EleFits  4.0.0
A modern C++ API on top of CFitsIO
Software design

Purpose and scope

The purpose of this page is to describe the internal implementation of EleFits. Usage of the API is described in the main pages of this documentation. When implementation and usage are titghly coupled, links are provided to get the user point-of-view.

Library organization

Layers

The package is split in two layers:

  • A high-level object-oriented layer (namespace Fits, see below) which aims at handling Fits files and their contents with an as-simple-as-possible modern API:
    • The file structure is mapped to a class tree (file, HDUs, records and co. are represented by dedicated classes),
    • Data classes represent the data contents of the file,
    • Service classes provide access to each node of the file structure;
  • A low-level procedural layer (namespace Cfitsio, see below) which consists in C++ wrapper functions of selected CFitsIO functions, not intended to end-users:
    • C arrays are wrapped with aforementioned data classes,
    • The use of raw pointers is limited to fitsfile*, which is itself wrapped in the service classes,
    • Templates wrap the CFitsIO type codes,
    • Exceptions wrap the CFitsIO error codes.

Namespaces

The API is organized in namespaces as follows:

  • Euclid is the top level namespace, which contains everything;
  • Cfitsio corresponds to the low-level layer module:
  • Fits is the end-user namespace:
    • Data classes and service classes are implemented in it,
    • Fits::Test contains test helper classes and functions like fixtures;
  • Whatever the level, Internal namespaces contain implementation details, not displayed to the end-user.

Modules

This translates into the following set of modules:

  • EleFitsData contains basic data-storage structures: Records, binary table columns and image rasters are implemented as light structures to abstract from CFitsIO (void) raw pointers; See Data classes for more details on their API and usage.
  • EleCfitsioWrapper is the low-level layer: The set of CFitsIO functions are wrapped in C++ functions to secure memory usage, ease type handling through templates, and throw exceptions instead of returning error codes; Yet, this API is not meant for end-users: it exposes the fitsfile* type and is still a bit verbose and cumbersome.
  • EleFits exposes the end-user API: It provides set of read-write services in dedicated classes; See File and HDU handlers for more details.
  • EleFitsExamples provides examples! Among others, the module compares CFitsIO, EleCfitsioWrapper and EleFits implementations of the same program, which demonstrates the reading and writing of records, images and binary tables with the three APIs; Of course, this is also where the tutorial is implemented.
  • EleFitsValidation contains validation executables:
    • Generator programs allow creating dummy Fits files from scratch;
    • The performances of EleFits are compared to those of CFitsIO;
    • A validation script checks that all of the provided programs run smoothly.
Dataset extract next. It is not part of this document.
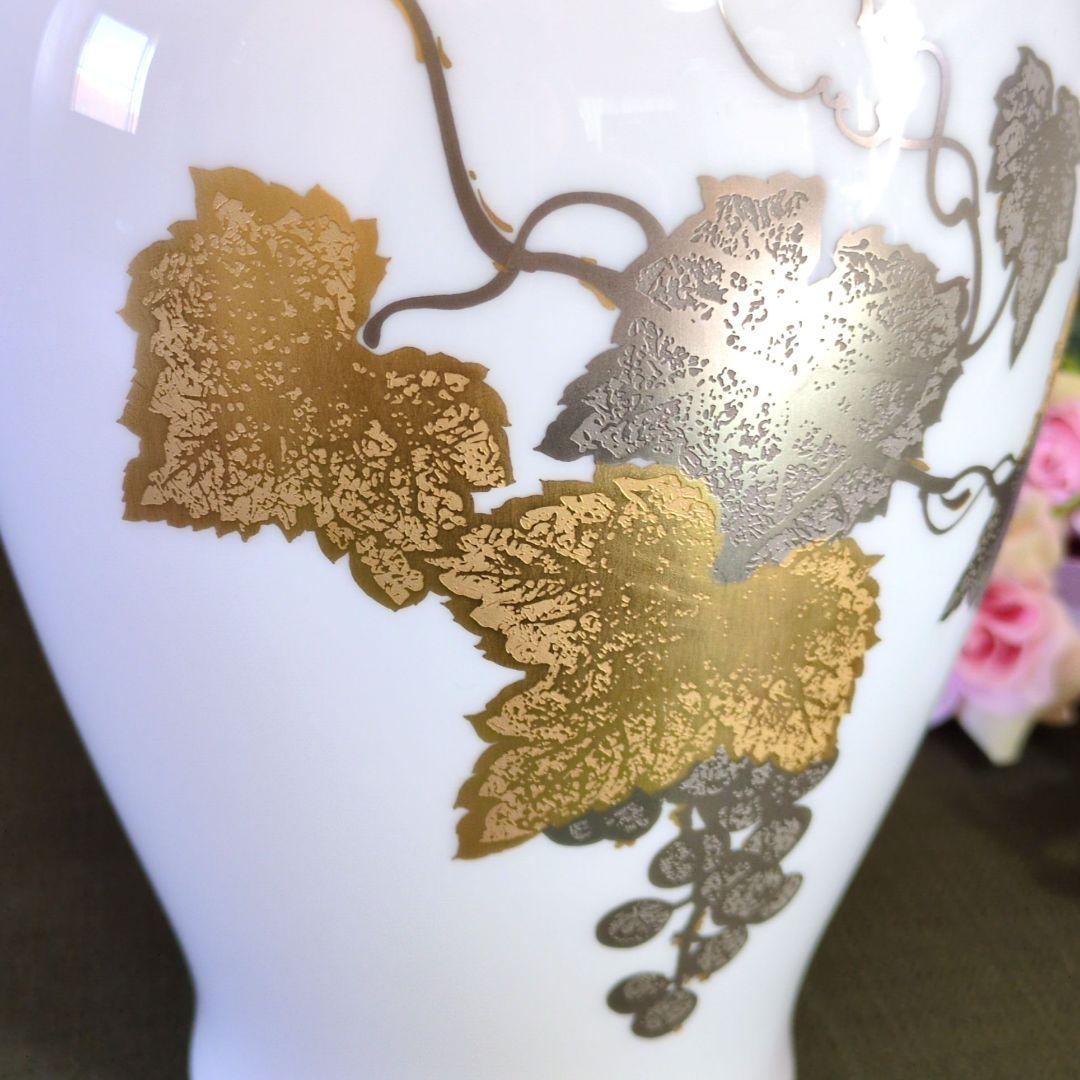 大倉陶園　金蝕葡萄　陶器製 花瓶 ホワイト・ゴールド　美品✨️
Auxiliary classes, like exceptions, which are useful to both EleCfitsioWrapper and EleFits are implemented in EleFitsData.

The general organization of the free functions, data classes and service classes in modules is illustrated below in the form of a class diagram.

Source files

Inside each module, the source files are organized as follows:

  • The declarations are in files with .h extension in a folder named after the module;
  • The inline (inc. template) definitions are in files with .hpp extension in a subfolder impl of the header folder;
  • The other library definitions are in files with .cpp extension in the folder src/lib;
  • Tests are implemented in the folder tests/src, in files with _test suffix and .cpp extension;
  • The programs are implemented in .cpp files in the folder src/program.

Type codes

Overview

Simple things first:

  • Indices and lengths are implemented as longs instead of std::size_ts (see On types rationale).
  • Strings are generally handled as std::string; additionally, a few shortcuts with const char * are provided; In the latter case, a std::string version is still provided.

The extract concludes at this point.